The site reliability engineer role can be both challenging and rewarding for IT pros. To stand out in a competitive job market, aspiring SREs must understand exactly what organizations look for in a candidate.
SRE is a specialized IT role that involves the automation of operations tasks. The role can be a good fit for systems engineers looking to improve programming skills, as well as developers seeking to manage large-scale infrastructures. Candidates with demonstrated strength in IT systems, software development, automation and a broad cross-section of related tools have a competitive advantage during the interview.
Any SRE interview will present a candidate with an array of questions or hands-on exercises intended to evaluate their knowledge of key site reliability skill sets. While these questions or tests can vary depending on the specific needs of the hiring organization, an SRE candidate can expect to see a smattering of interview questions across five major domains: software development, monitoring and troubleshooting, networking, infrastructure and operations, and business-side issues.
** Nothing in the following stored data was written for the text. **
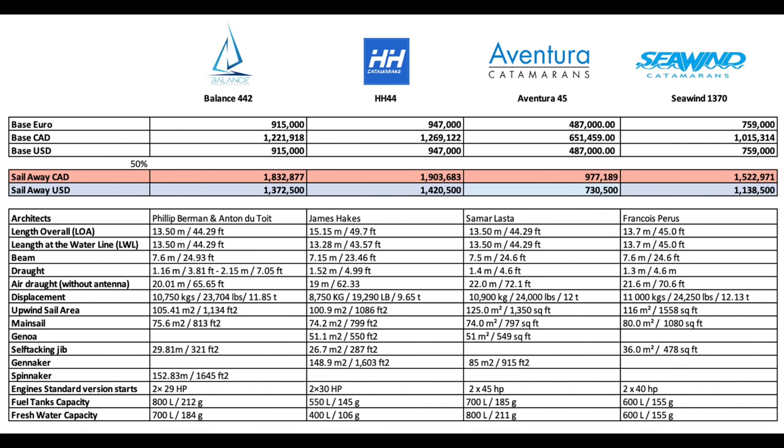Looking now at the numbers. The top line is base price in Euro. The Balance 442 is at €915K — pretty dear. The HH is at €947K — even more dear. The Seawind 1370 at €759K appears to be a significant bargain. Seawind has been affectionately known as the more affordable Outremer, and they really do look like they've done a very nice job here for the buck. The Aventura is just unbelievable at €487K, but it is not a performance cat. Sail-away prices: Balance at €1.8M, HH at €1.9M, Aventura just under €1M, and the Seawind at €1.5M.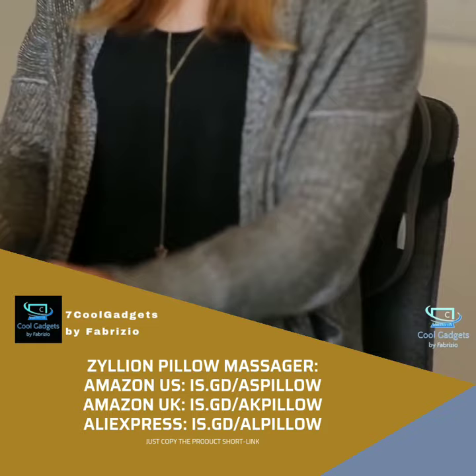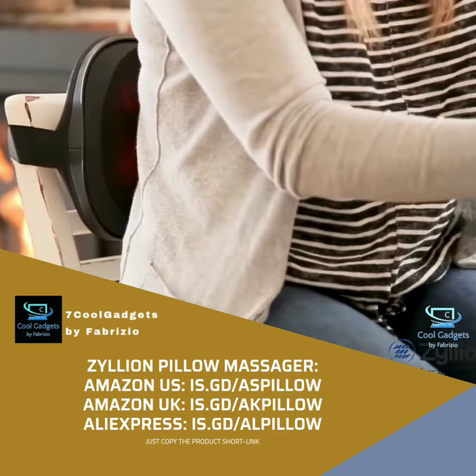Who would like, after many hours in the office, a good back and neck massage? Everybody! Zilean Back & Neck Shiatsu Pillow Massager is your personal office massagist.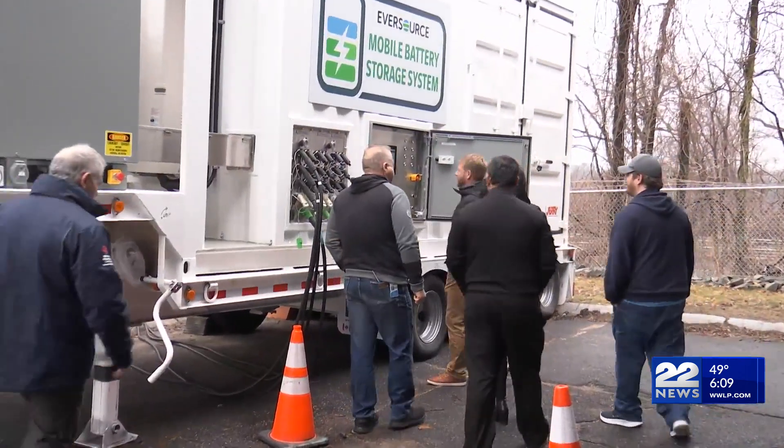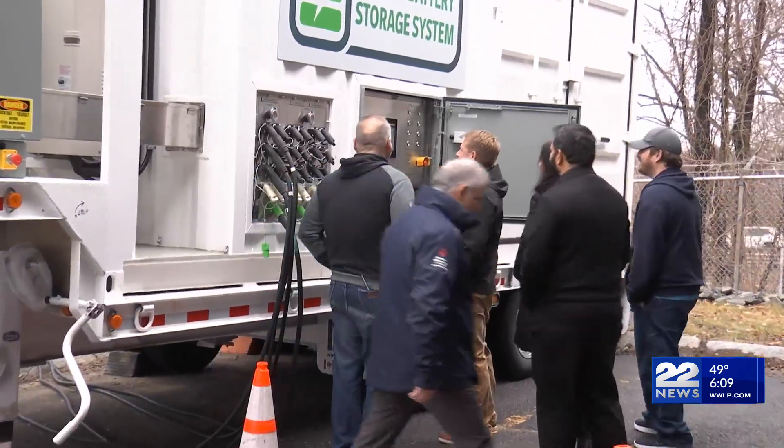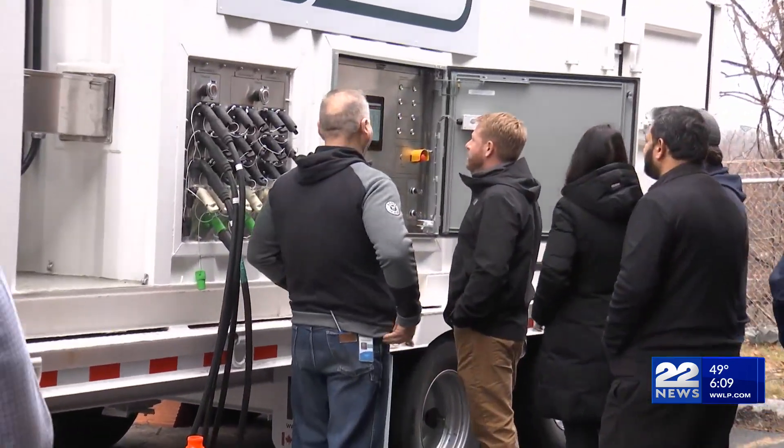However, as we know, the diesel generators are noisy and they're not necessarily clean. In order to shift away from the use of diesel generators, we are piloting the use of mobile batteries.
The first interview questions in this domain usually explore a candidate’s basic knowledge of programming languages — such as Perl or Java — the organization uses, along with data structures such as queues, stacks, heaps and algorithms. This portion of the interview might entail a candidate’s review of poorly written code to identify errors, inefficiencies and places where the code might fail or produce undesirable results — key concerns for software reliability. Other software development questions might involve major applications and interfacing, such as databases, with an emphasis on interoperability and configuration issues that can affect application performance and stability.
A hiring organization will rarely ask a candidate to actually code, but the evaluation might include architectural discussions of using code to address certain problems.
There is some overlap between DevOps and SRE roles. Software development is a central issue for SREs, and DevOps focuses on general software development, testing and deployment. SREs focus on the reliability issues of code development and deployment across the organization. Thus, an SRE is not a dedicated developer, but a specialized player within DevOps groups. SREs can review code and spot potential coding problems or consult with the DevOps staff about coding and configuration best practices that bolster software reliability. The actual amount of coding that an SRE performs can vary between employers, DevOps staff size and software importance.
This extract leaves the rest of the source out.